Our picks for the best stories in 2017

Here are Right Now’s top stories of 2017, as voted by our volunteer team!

*drumroll please*

In no particular order…

1. Za’atari refugee camp — city of lost children by Tim Singleton Norton

Reiko Okazaki says, “It was a powerful example of how the photo-documentary medium can capture the juxtaposition of grave problems and glimpses of beauty in this world.”

Syrian woman in Za'atari camp

Photo: Hedinn Halldorsson/Save the Children

2. BEND, an audio-visual poem by Luke Bodley and Matthew Vandeputte

Claire Wilson says, “Listen lovingly to difference: With a message like this, combined with a strong poetic voice and creative video, what’s not to like in Luke Bodley and Matthew Vandeputte’s audio-visual poem.”

3. The abstraction of privilege by Adolfo Aranjuez

Sonia Nair says, “With his trademark rigour, Adolfo expertly deconstructs the limitations of identity politics and call-out culture. His essay is a long read but it’s well worth the time, particularly in an age where identity politics is routinely dismissed for all the wrong reasons.”


4. Reclaim the fight for free speech by Roj Amedi

Katherine Matthews says, “I really enjoyed reading Roj’s concise but passionate argument against the misuse of freedom of speech rhetoric in public debate.”

5. Drifting by John Bartlett 

Mihilini Fernando, “I think it succinctly conveys the horror and isolation of offshore detention, while juxtaposing it with the apathy and cruelty of the government (‘a Prime Minister/cheerily/tweeting scores’) in the face of their suffering.”

6. Bringing Nauru and Manus refugees to Australia is a win-win, if the PM is bold enough by Dennis Altman

Roselina Press says, “This is a clear-eyed look at how refugees and people seeking asylum have become political footballs, hand-balled from one government to the next, from one country to the next, without regard to the actual welfare of the human beings whose only crime was thinking that Australia would be a welcoming safe-haven.”

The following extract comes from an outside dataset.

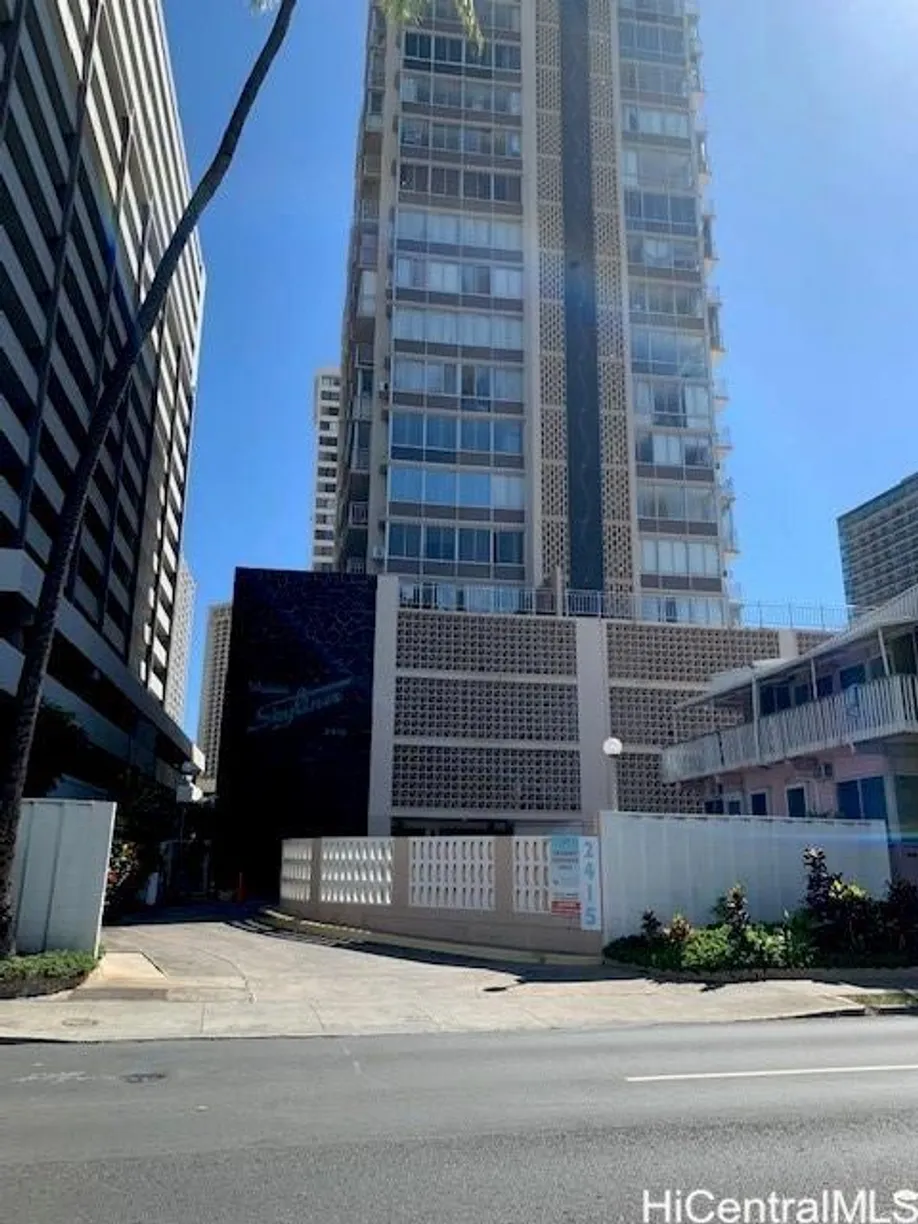 Hawaii Real Estate | View 2415 Ala Wai Boulevard, 907 | 1 Bed, 1 Bath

7. Post-war resilience in the Northern Province of Sri Lanka by Ali MC

Simon Farley says, “It touched on a subject quite close to me and my family and reminded me of the cruel face our government’s asylum seeker policies show to the world. The photos imbued MC’s subjects with a dignity that highlighted the everyday heroism required to survive war and persecution without romanticising the depth of their hardships.”

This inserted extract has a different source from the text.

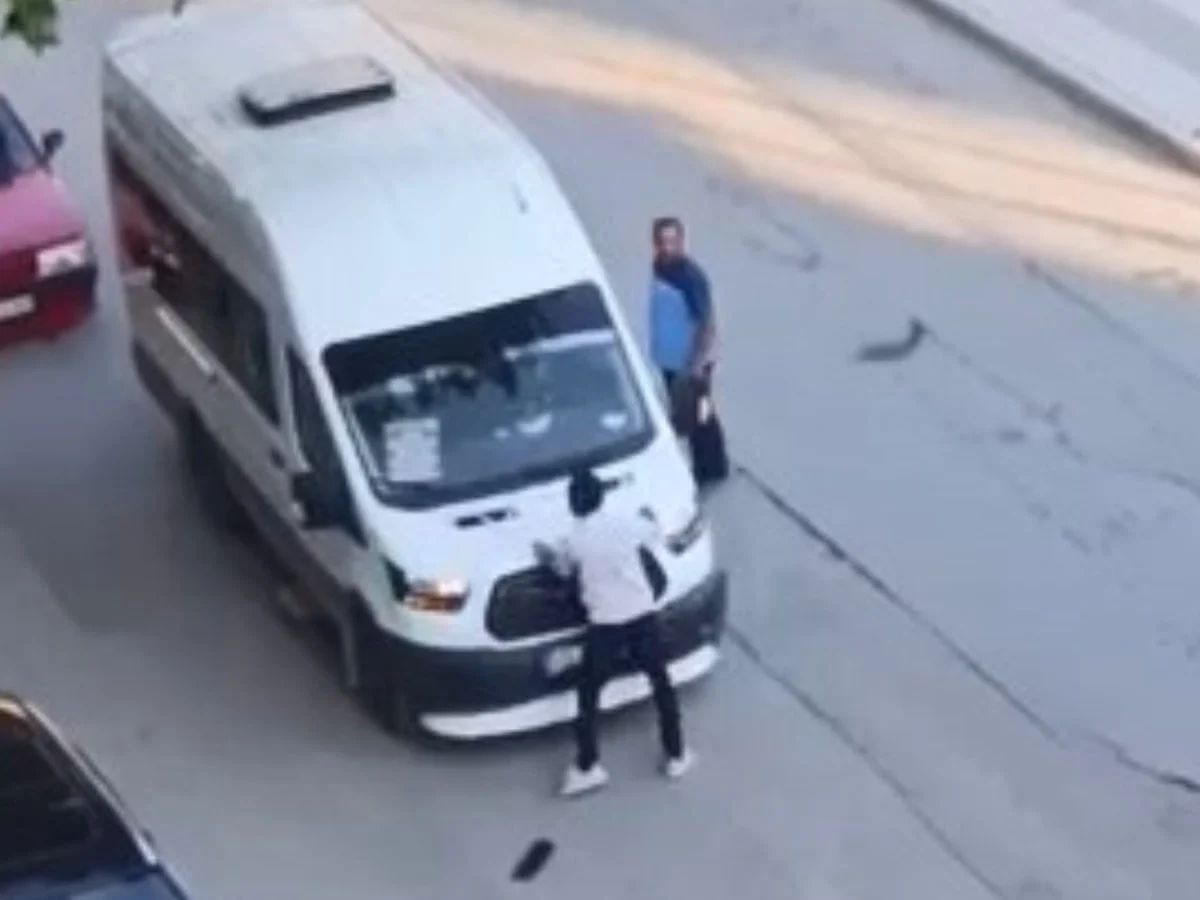 Elazığ'da önü kesilen minibüsün kaputu yumruklandı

children gurunagar sri lanka

8. The trouble with trigger warnings by Sayomi Ariyawansa 

Stephen Cremean says, “Sayomi expertly analyses the shortcomings and challenges of mandatory trigger warnings in tertiary education institutions. The piece is thoughtfully written, and critical of the current Monash institution-wide policy.”

9. Middle-class Indigenous Australia exists by Anika Baset

Samantha Jones says, “Anika Baset’s thought-provoking and constructive review of Stan Grant’s essay, The Australian Dream: Blood, History and Becoming, really stood out to me this year. It is a timely discussion on how stereotypes further limit minorities and how important it is to push for broader definitions of identity. A must read!”

10. The truth about Manus, told by a journalist and a refugee trapped in limbo by Grahame Best

Roselina Press says, “In 2017, the podcast boom continued to grow. But even amongst all the podcasts that were vying for our listening ears, The Messenger was a standout. Grahame Best interviews Michael Green, the host of this extraordinary podcast. Read this interview then go listen to The Messenger.”